With two children aged under five, Daniel Northern knows this is the time to be sharing in the joys of their daily discoveries.

Yet while his son and daughter are exploring the world, their father is an ocean away, plying his trade as a towering centre and enforcer for the Glasgow Rocks.

Nine months of separation takes its toll, the American admits. "It's depressing," he says. "I have times when I really feel their absence. But I get back on the phone and hear them laugh. And I know this allows me to buy them what they want. There's some fulfilment from that, but it's still hard."

Winning makes life easier but during a season to largely forget, the Rocks have frequently driven Northern into the mire. However, in front of an expected 7000-strong partisan crowd this afternoon at their own Emirates Arena, Sterling Davis' men have an opportunity to secure the club only their second piece of silverware when they take on Worcester Wolves in the BBL Trophy final.

They are huge underdogs. Their guests are in the frame for a potential treble and have consistently excelled. Northern is keen to confound the odds, just as he did when basketball offered an alternative path to the mean streets of Warner-Robins, one of America's pockets of decay,100 miles outside Atlanta.

As a youth, despair was part of the daily diet, the deaths of friends and family all too common, including that of his elder brother Damien in the most troubling of circumstances. Found hanged in Florida, the initial verdict of suicide has been challenged by those who claim it was a brutal lynching conducted by white supremacists.

"That was my freshman year at college and I found it very tough," Northern says. "I almost didn't play basketball any more. I felt at the time if I'd been home, I could have saved him. But there was nothing I could have done. I have his name tattooed on my chest."
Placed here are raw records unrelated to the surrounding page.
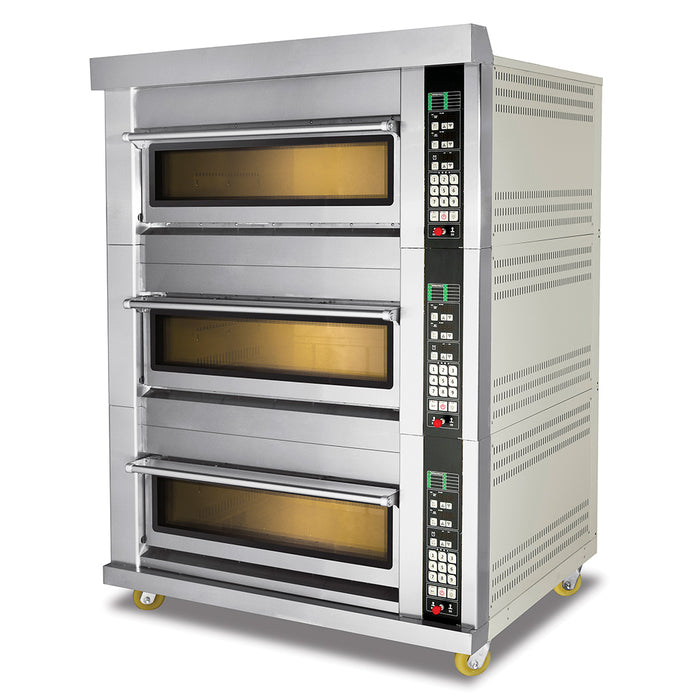 3 Deck 6 Tray Gas Deck Oven  (Smart Series)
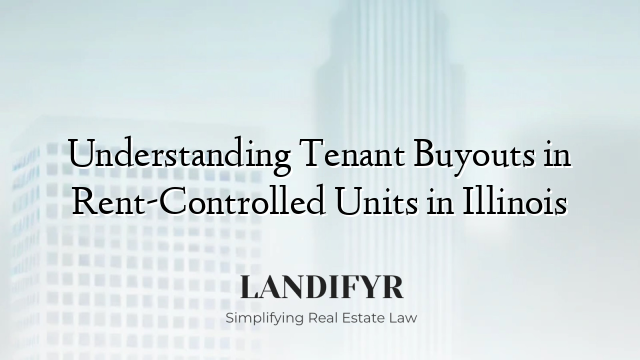 Understanding Tenant Buyouts in Rent-Controlled Units in Illinois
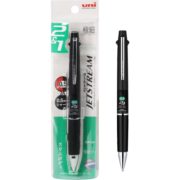 三菱（uni）三合一多功能圆珠笔 学生用中油笔商务办公用原子笔 MSXE3-800-05 黑色杆 单支装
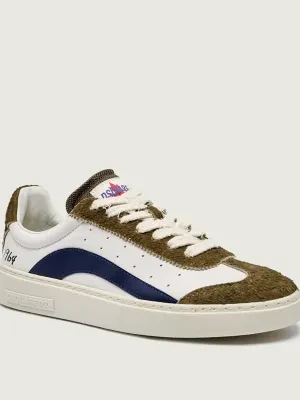 Dsquared2 Skórzane sneakersy Rider | zamsz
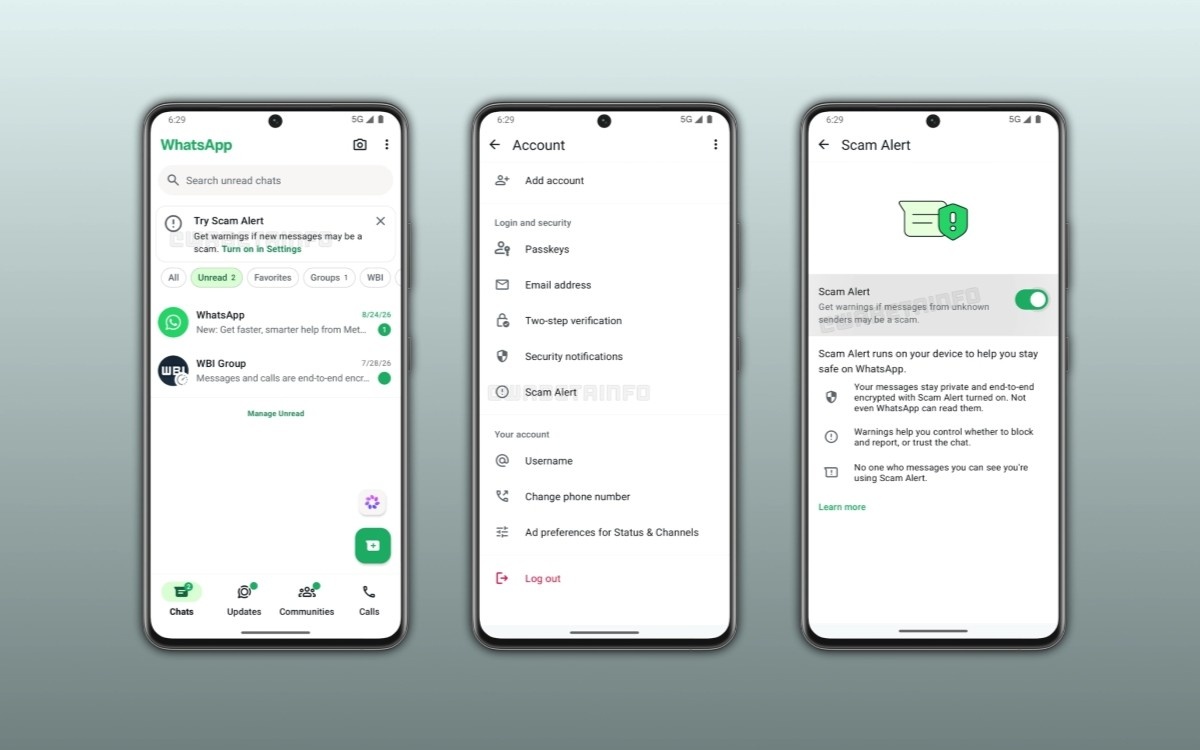 WhatsApp Scam Alert Android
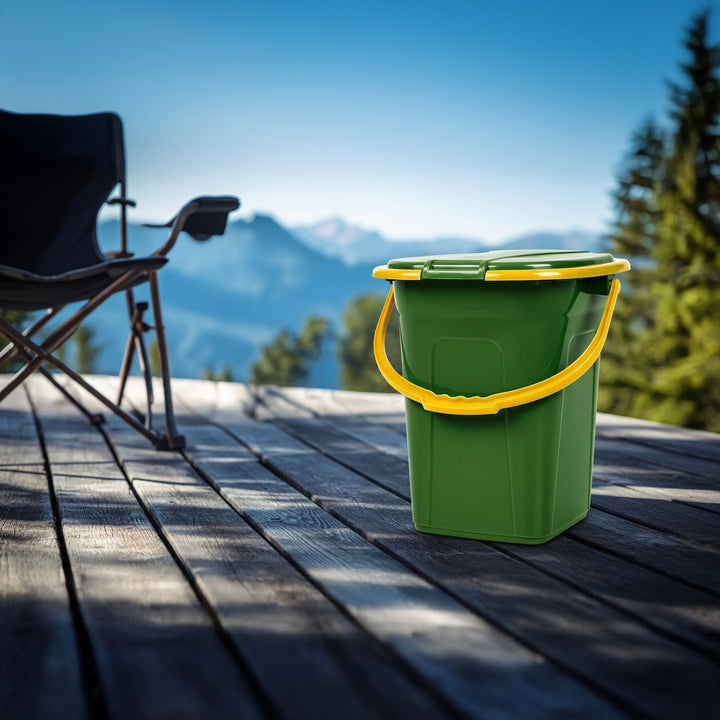 GreenBlue GB320GO inodoro de viaje verde oscuro/naranja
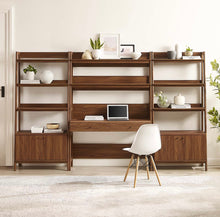 Load image into Gallery viewer, Bixby 3-Piece Wood Office Desk and Bookshelf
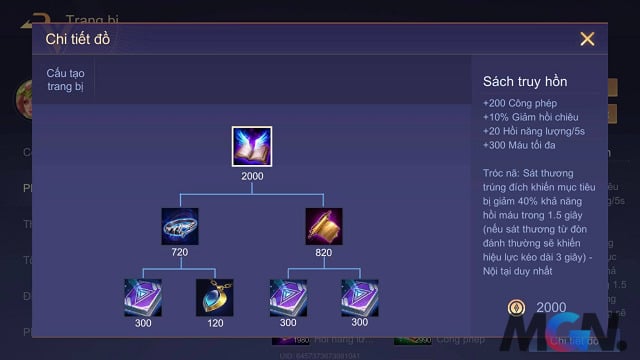 Sách Truy Hồn trong Liên Quân Mobile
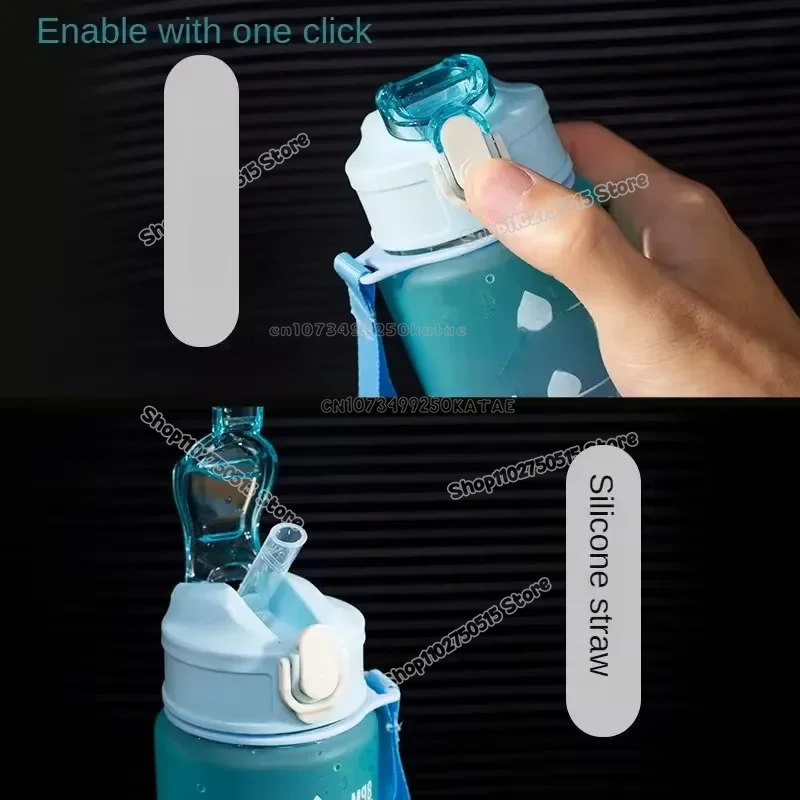 750ml Gradient Color Water Bot - Outdoor Sport For Kids avis et prix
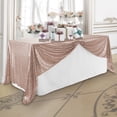 thumbnail image 1 of Lann's Linens 60" x 126" Rose Gold Sequin Tablecloth, Sparkly Rectangle Table Cloth for Wedding, Party, Banquet, 1 of 6
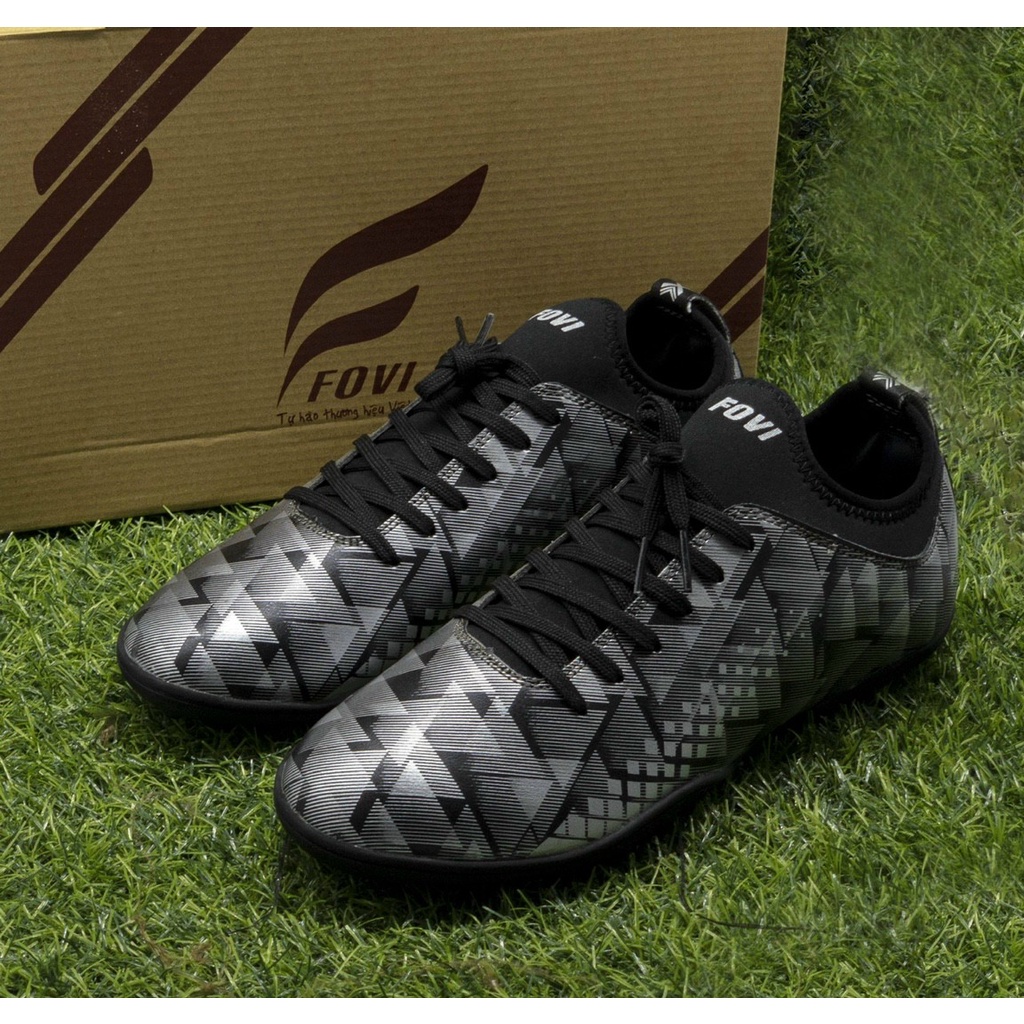 Giày đá bóng Fovi Debut giày đá bóng sân cỏ nhân tạo hàng cao cấp giá rẻ full hộp chính hãng Fovi Debut X19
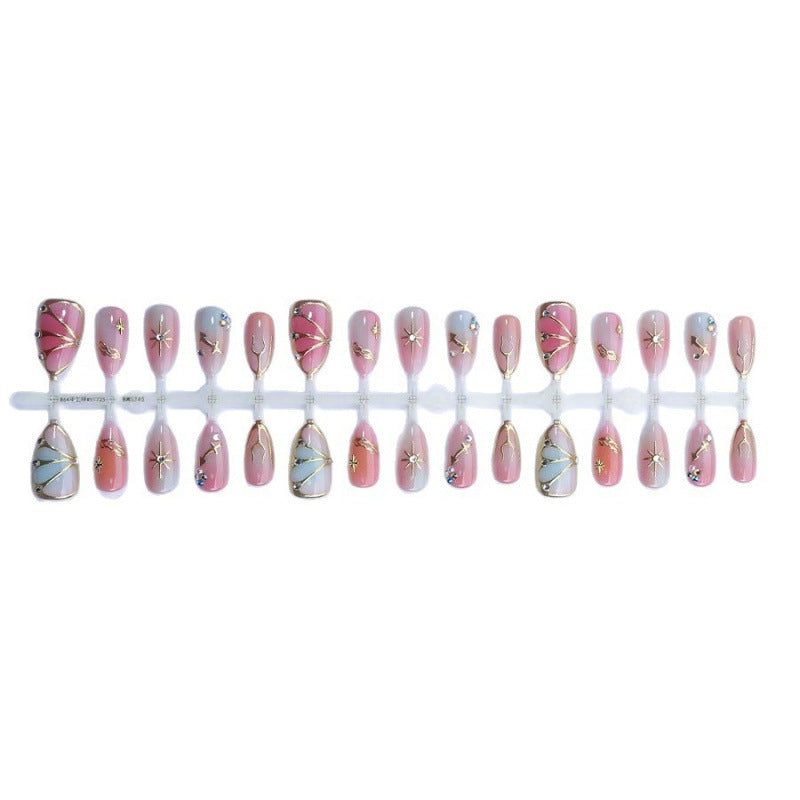 Artistic Decorative Press-On Nail Collection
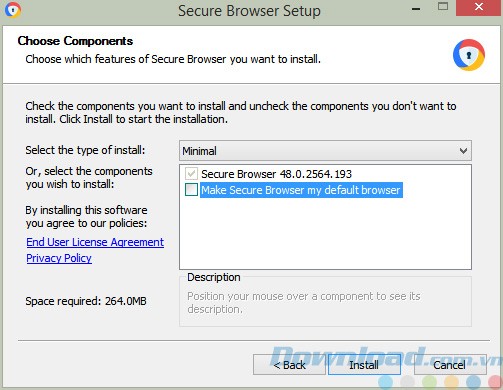 Cài đặt Secure Browser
Instead of giving up, however, he threw himself into his sport. "It has been an escape. A safe haven. I come to practice, that's my getaway," he says.

It has taken him around the world, the sacrifice necessary to raise his offspring on the right side of the tracks. This, like so many of his contemporaries, is all about chasing the dream. No-one in the British league is accumulating great wealth. "But I'm hoping one day I get a call from a team offering big money. I'm 28. I don't want to sit down at a desk now. So to be able to play professional basketball is a huge plus."

A winner's medal from today would be a prized souvenir to take home in May. Few expect the Rocks to defy the odds but in shared adversity, Northern declares, bonds are forged. "If we weren't close, we'd be killing one another," he says. "But we've come together. And hopefully we'll be winning together."